Cisco signs 2 big deals in two weeks, leads tech M&A charge
New York: Cisco Systems, a maker of corporate networking gear, has habit of buying dozens of companies every year. After coming out of the recession phase, Cisco has led the tech industry's charge in mergers and acquisitions, and announced the acquisition of wireless equipment maker Starent Networks for $2.9 billion and Norwegian video conferencing maker Tandberg for $3 billion.
When it comes to Cisco Systems and dealmaking, the prevailing sentiment in Silicon Valley is: You can't predict what Cisco will buy next, but you can see why it fits. Cisco is known for its voracious dealmaking appetite, buying dozens of companies every year and digesting them quickly and efficiently to broaden its already wide-ranging business.

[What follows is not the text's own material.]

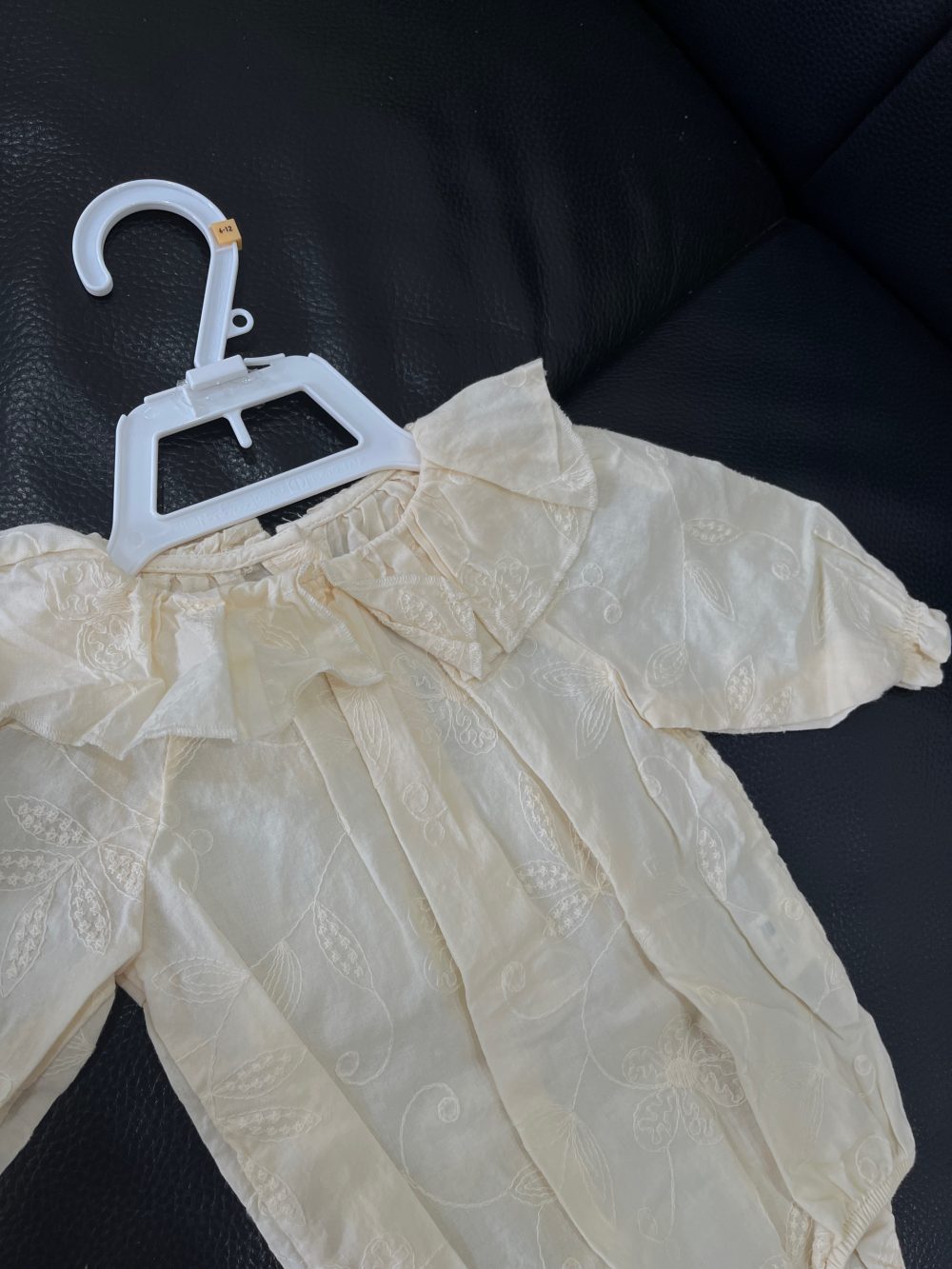 Set 2 bộ bodysuit Zara, carter’s màu vàng (size: 6→12m) - Ảnh 4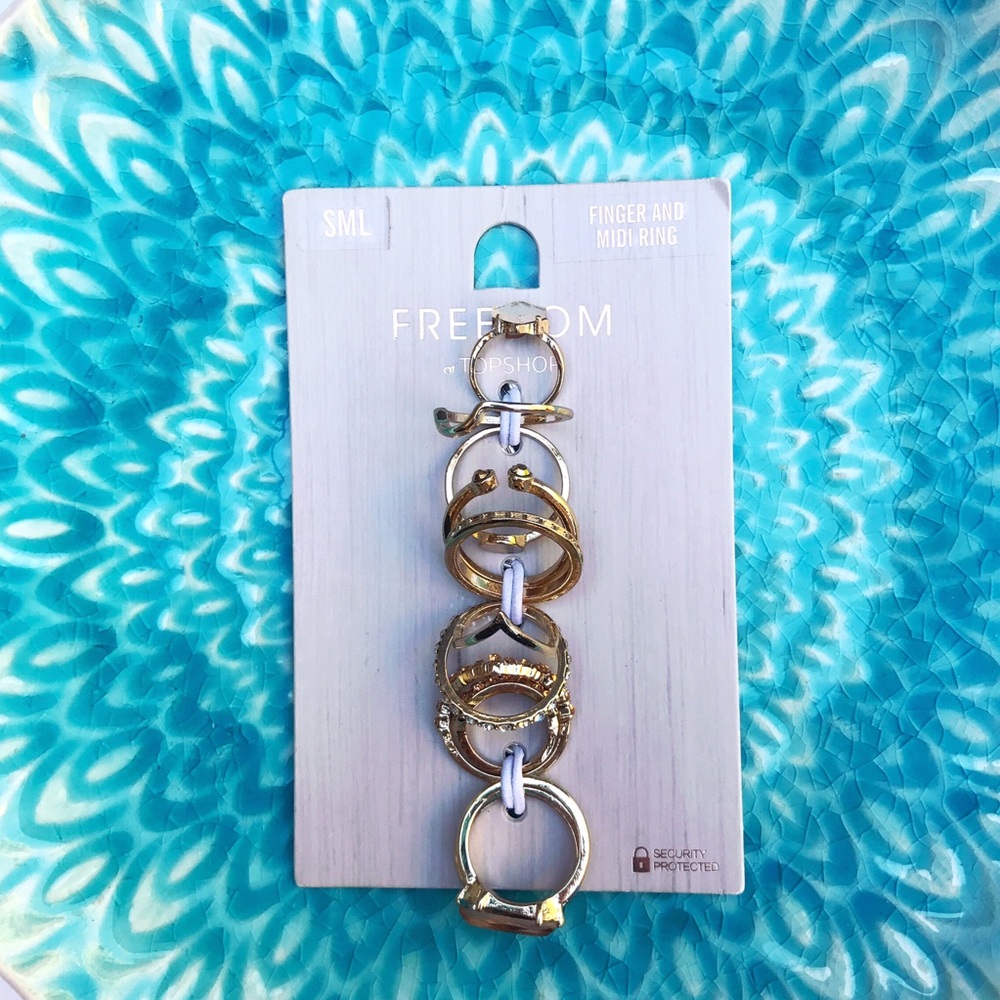 Topshop Midi Ring Set!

Analysts expect that the San Jose, California-based company, which ended the last quarter with a cash balance of $34 billion, to keep up the dealmaking pace, especially now that some stability has returned to financial markets. "The ability to expand in markets where we have been strong clearly has been a big part of what we've done in the past," said Hilton Romanski, Vice President of Corporate Development, Cisco.
"But the other major element is new market entry," said Romanski, a former JPMorgan banker who joined Cisco in 2000 and runs its global acquisition and venture investment strategy.
According to Thomson Reuters' data, Cisco, which was founded in 1984, has spent about $56 billion on 174 deals so far. Along with its in-house team, Cisco occasionally uses a range of outside financial advisers, from Barclays to Lazard. Many of the acquisitions were start-ups or private companies with assets that bolster Cisco's core business of making switches and routers that direct computer traffic.
Cisco has traditionally eschewed hostile approaches or big deals, but bankers say that could change as the rivalry with other tech behemoths like International Business Machines and Hewlett-Packard heats up.